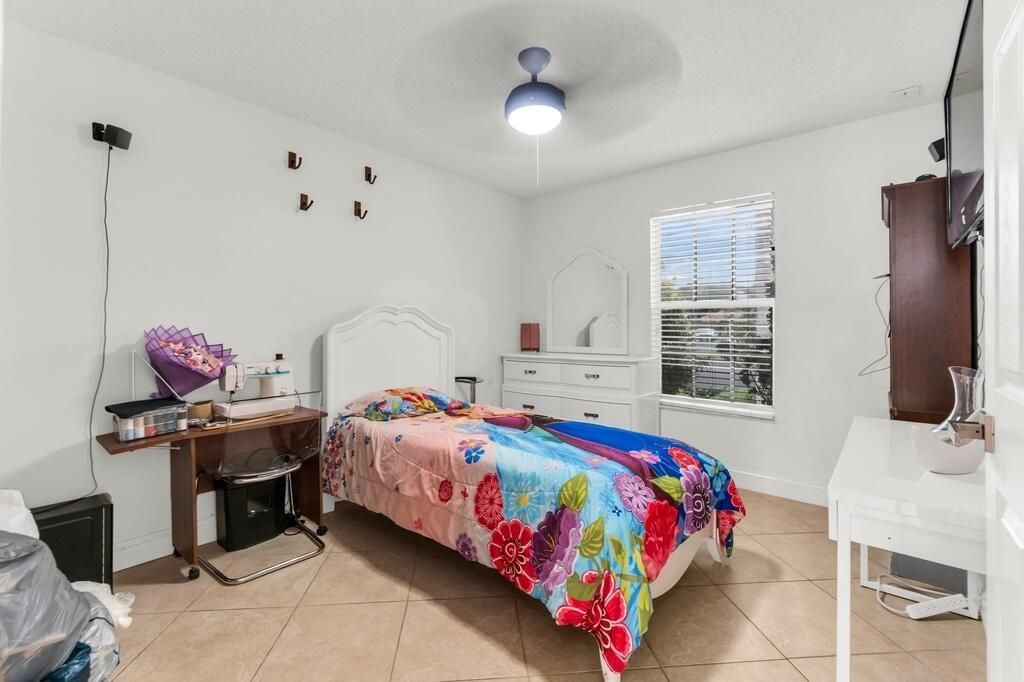 15466 SW 143rd Terrace, Miami, FL 33196 Photo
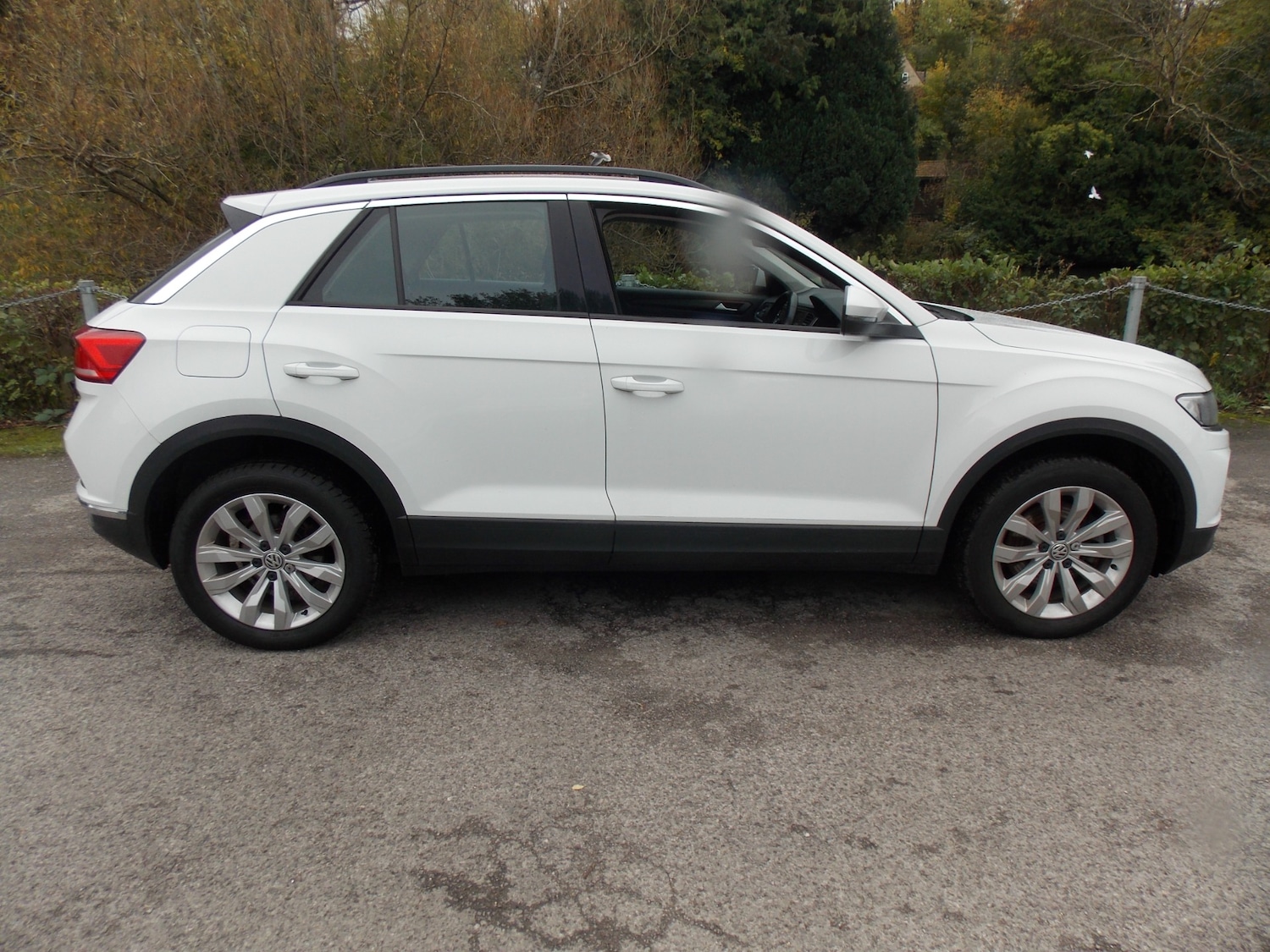 Used Volkswagen T-Roc 2018 for sale - 75680302: Photo 6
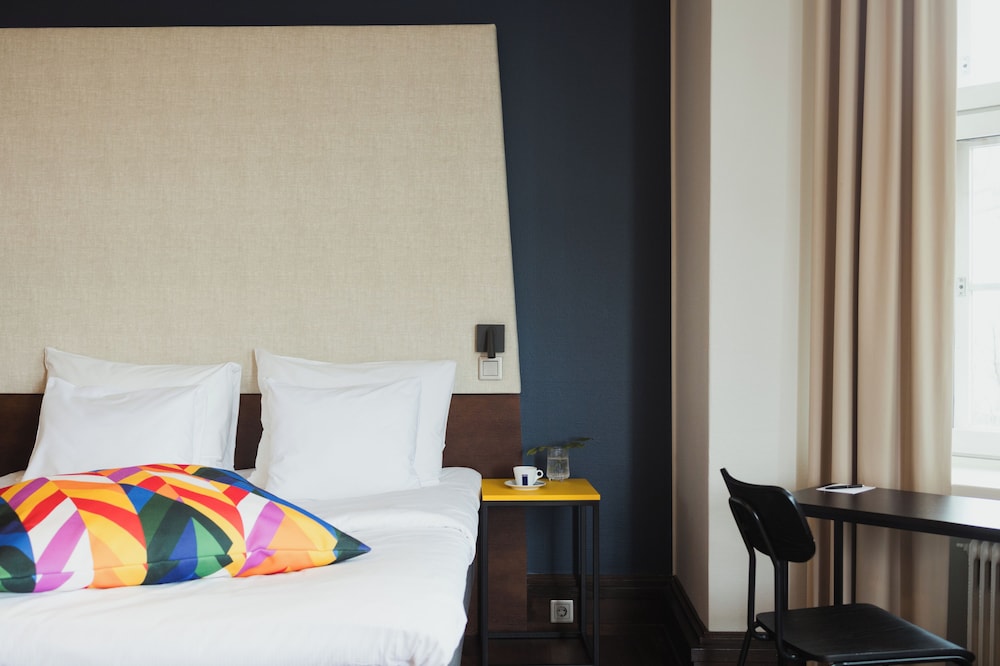 Deluxe Room - Photo 7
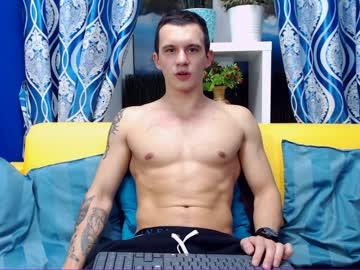 estonian_showman chaturbate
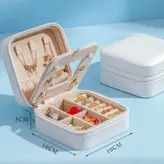 جعبه جواهرات و نظم دهنده ی زیورالات آینه دار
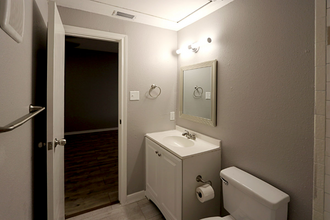 8800 Westplace Dr, Unit 101 in Houston, TX - Building Photo - Building Photo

+--

Your goal: An exact printout of the listing is needed, minus any pictures it contains.

Result below:
 15466 SW 143rd Terrace, Miami, FL 33196 Photo
 Used Volkswagen T-Roc 2018 for sale - 75680302: Photo 6
 Deluxe Room - Photo 7
 estonian_showman chaturbate
 جعبه جواهرات و نظم دهنده ی زیورالات آینه دار
 8800 Westplace Dr, Unit 101 in Houston, TX - Building Photo - Building Photo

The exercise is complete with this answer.